Roy Cokayne

Three loss-making projects in Africa were largely responsible for pushing listed civil engineering group Protech Khuthele into a loss in the year to February.

Antony Page, the group’s chief executive, said yesterday that all the abandoned projects had been undertaken by the group’s contracting division, with two of them in Tanzania and the third in the Democratic Republic of Congo.

Page declined to comment on the total value of the impairments related to these three projects, which did not progress beyond the first phase, stressing the group had not disclosed this and would rather not.

However, Page confirmed that these impairments were “sizeable and would make the group’s results look very different”.

Page said the group had withdrawn from these projects and its remaining projects in Africa were all profitable. Its projects in South Africa had always been profitable and there was no reason why it should not show a profit in the current financial year.
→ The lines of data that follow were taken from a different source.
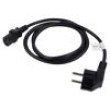 Kabel CEE 7/7 (E/F) úhlová vidlice,IEC C13 zásuvka PVC černá
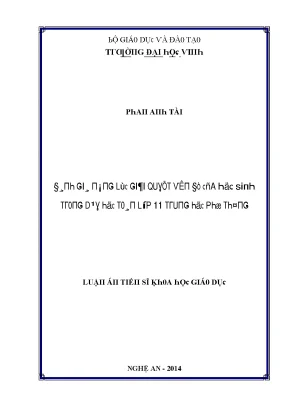 Đánh Giá Tài Liệu Nghệ An 2014: Phân Tích và Giải Quyết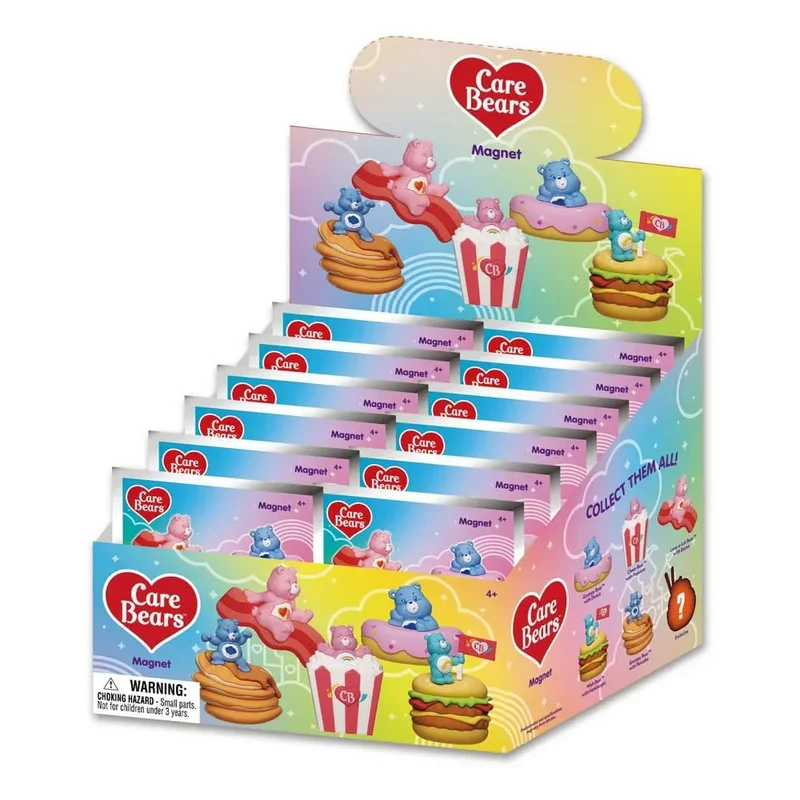 Care Bears Blind Pack Series 1 Display (12) - Officiellt Licensierade Magneter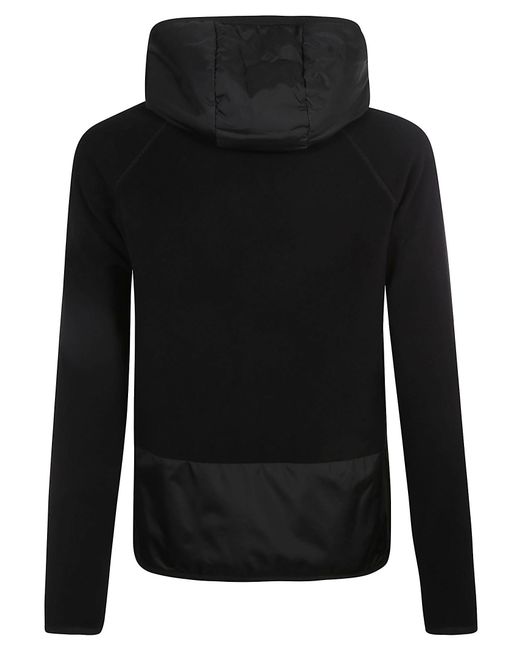 Moncler Black Canmore Logo-Patch Padded Jacket for men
Protech Khuthele yesterday reported a headline loss a share of 1c for the year to February, compared with headline earnings a share of 11.8c in the previous year. Group revenue dropped by 10 percent to R965.8 million from R1.1bn.

Page said the decline in revenue was in line with the tough prevailing market and the challenge of starting up projects in Africa.
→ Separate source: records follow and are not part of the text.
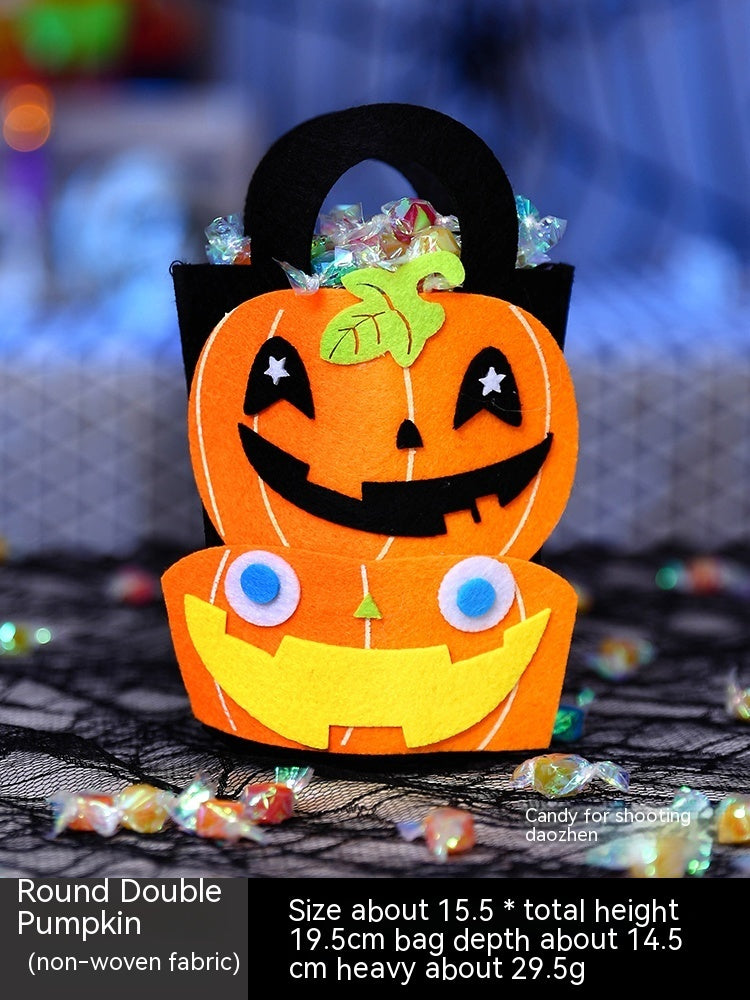 Halloween Pumpkin Bag Portable Children Props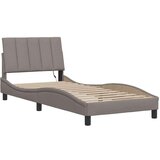  posteljni okvir brez vzmetnice Taupe 80x200cm Tkanina | Shoptok.si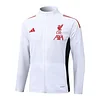 25/26 Liverpool White long zipper  Training Jacket Set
The group reported an operating loss before interest and taxation of R3.8m, compared with the operating profit of R77.1m in the previous year.

A dividend was not declared.

The group’s contracting business unit accounted for 84 percent of group revenue despite its revenue declining by 8 percent to R865.8m. The geotechnical business unit increased revenue by 24 percent to R23.4m and operating profit nearly doubled to R7.1m from R3.6m.
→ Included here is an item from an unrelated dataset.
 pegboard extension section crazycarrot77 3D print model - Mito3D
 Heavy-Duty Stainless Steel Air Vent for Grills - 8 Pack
The readymix business unit grew revenue by 8 percent to R139.4m and turned an operating profit of R5.5m compared with a previous R1.5m loss.

Page said the group had seen evidence of improved tender activity since the beginning of the new financial year, both in the mining sector and commercial infrastructure, and the renewed commitments from the government to accelerate infrastructure investments were encouraging.

The company’s shares were unchanged at 58c on the JSE yesterday.